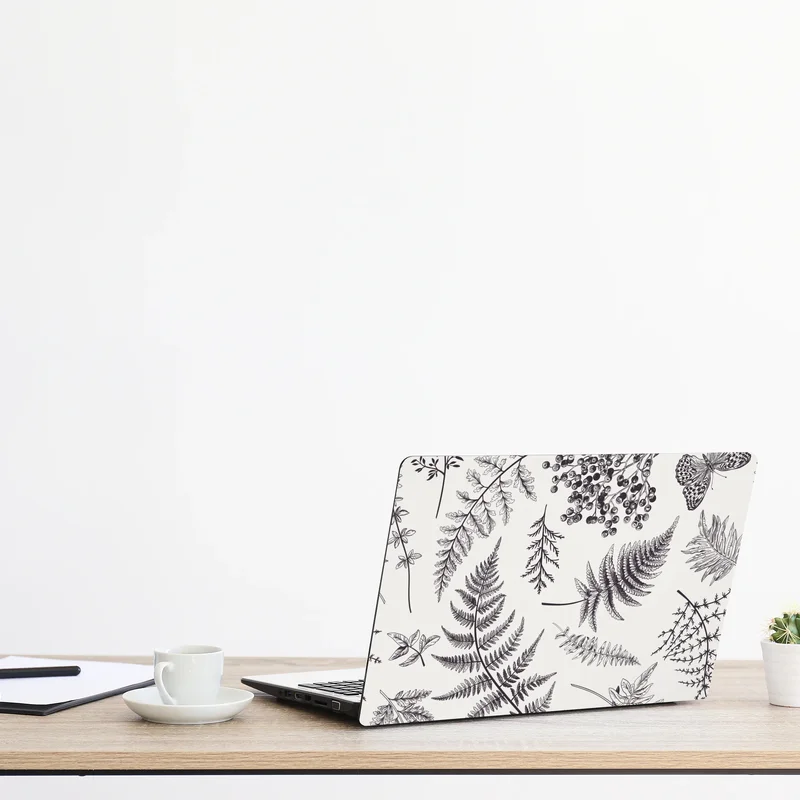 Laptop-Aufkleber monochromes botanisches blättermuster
######
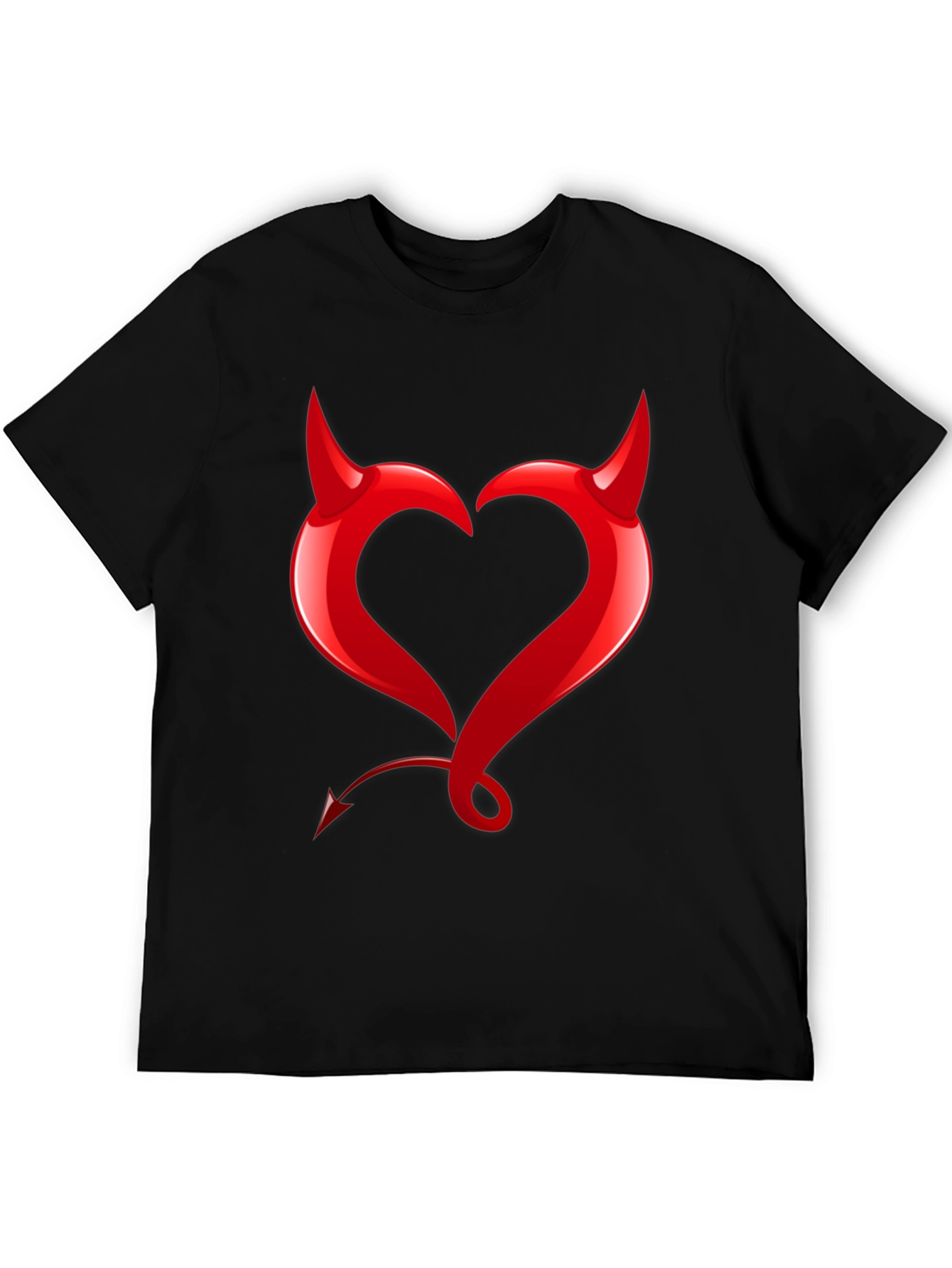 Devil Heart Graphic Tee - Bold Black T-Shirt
######
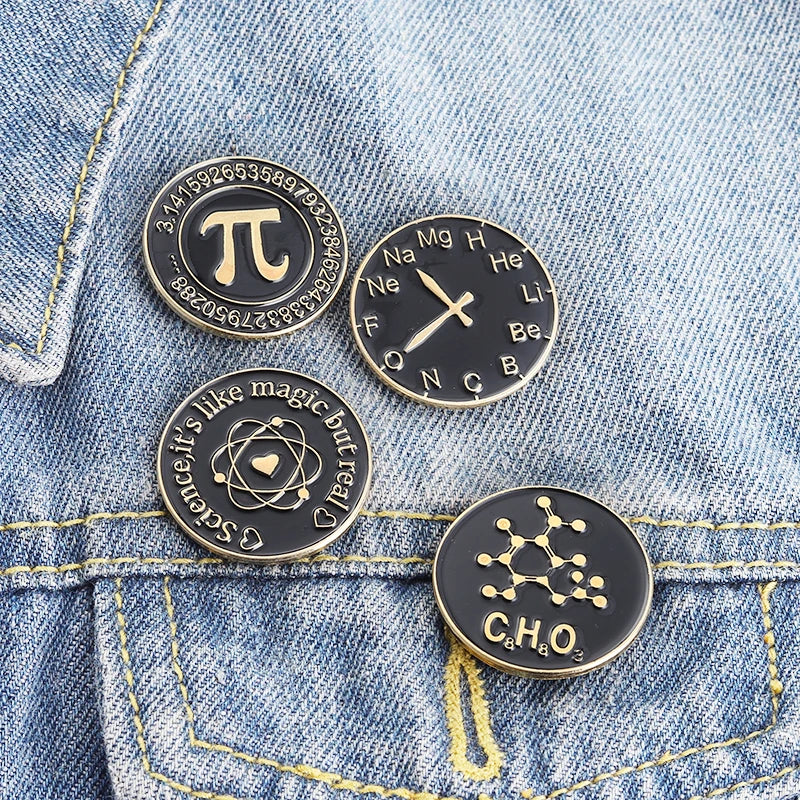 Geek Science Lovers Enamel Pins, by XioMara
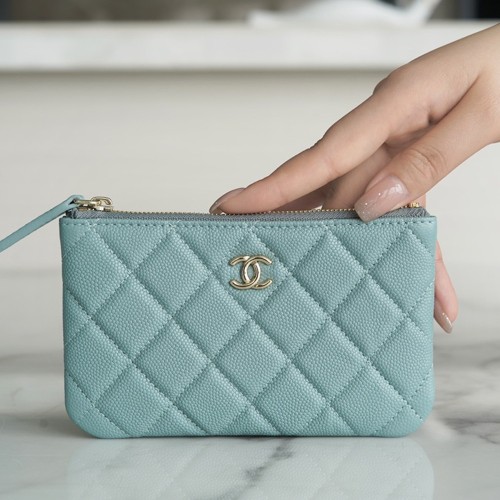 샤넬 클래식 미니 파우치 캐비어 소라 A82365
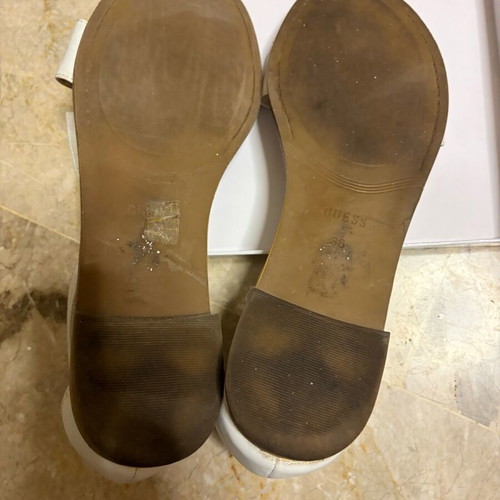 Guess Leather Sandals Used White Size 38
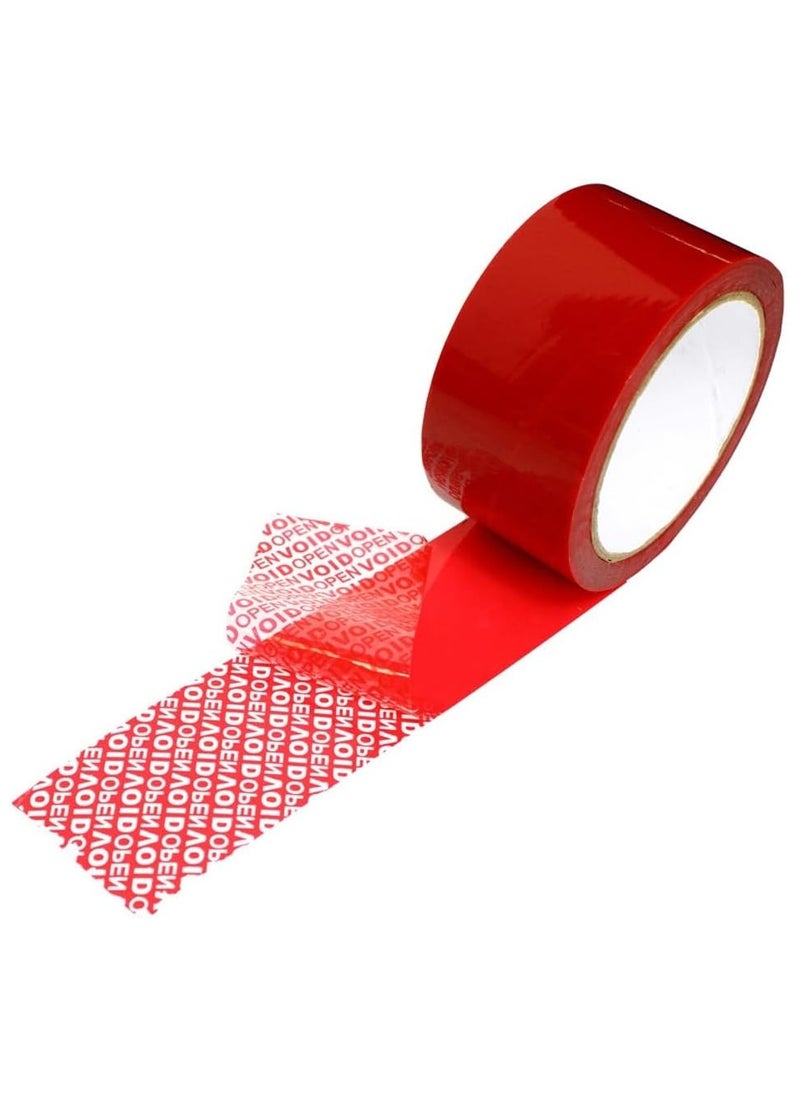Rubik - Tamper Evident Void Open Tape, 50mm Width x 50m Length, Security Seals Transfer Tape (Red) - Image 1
######
Problem to work on: Output exactly the lines above, beginning at the one with "Guess Leather Sandals Used White Size 38" and stopping after the one with "Rubik - Tamper". Pictures are to be omitted.

Response to the task:
 Guess Leather Sandals Used White Size 38
Rubik - Tamper Evident Void Open Tape, 50mm Width x 50m Length, Security Seals Transfer Tape (Red) - Image 1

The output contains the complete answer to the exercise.